__Problem description__: No pictures belong in the copy. Restate the rest of the data exactly.

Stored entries

┄┄┄┄┄┄┄┄┄┄

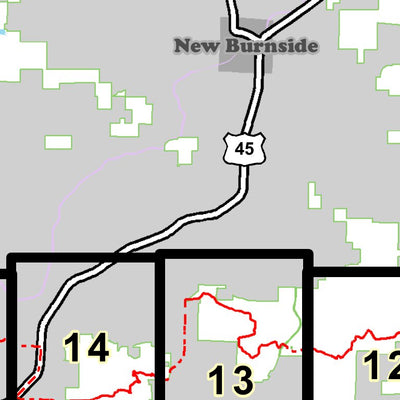 River to River Trail Overview Map Preview 2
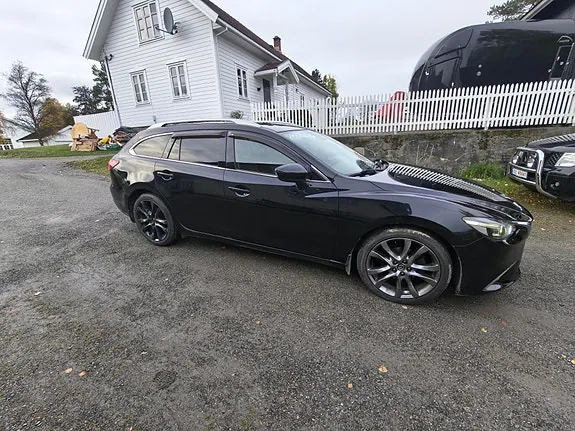 Mazda 6 2016 photo 3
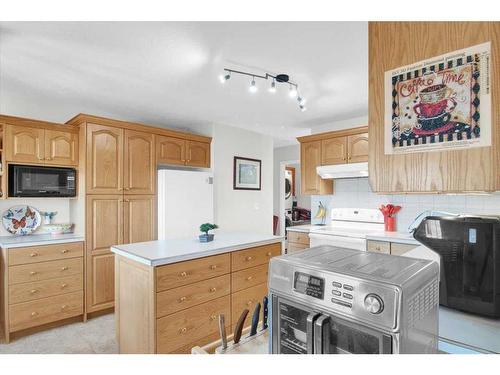 212 3Rd Avenue East, Hussar, AB - Indoor Photo Showing Kitchen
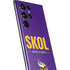 NFL Minnesota Vikings Team Motto Galaxy S22 Ultra Skin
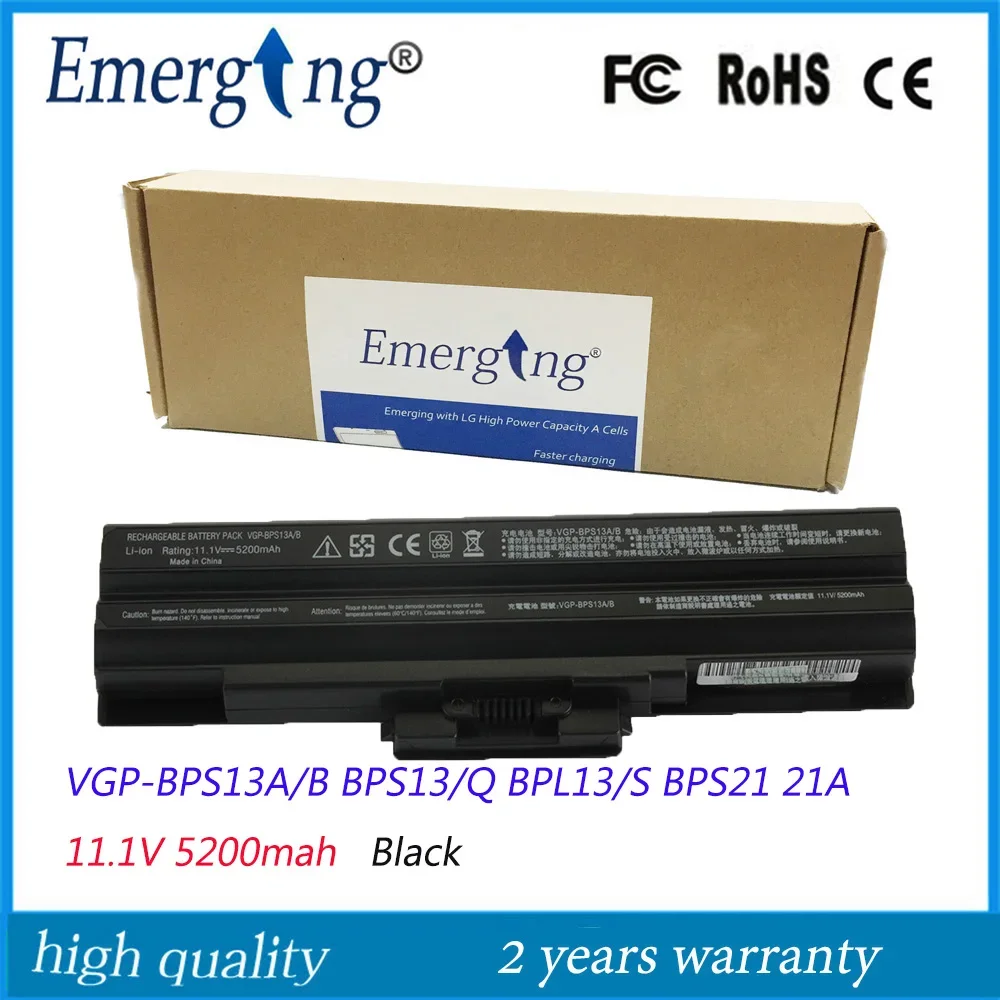 

11,1 В Новый аккумулятор для ноутбука SONY VGP-BPS13/S BPS13A/B VGP-BPS13A/Q VGP-BPL13 TX57CN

┄┄┄┄┄┄┄┄┄┄

__Answer for the task__:
 River to River Trail Overview Map Preview 2
 Mazda 6 2016 photo 3
 212 3Rd Avenue East, Hussar, AB - Indoor Photo Showing Kitchen
 NFL Minnesota Vikings Team Motto Galaxy S22 Ultra Skin

11,1 В Новый аккумулятор для ноутбука SONY VGP-BPS13/S BPS13A/B VGP-BPS13A/Q VGP-BPL13 TX57CN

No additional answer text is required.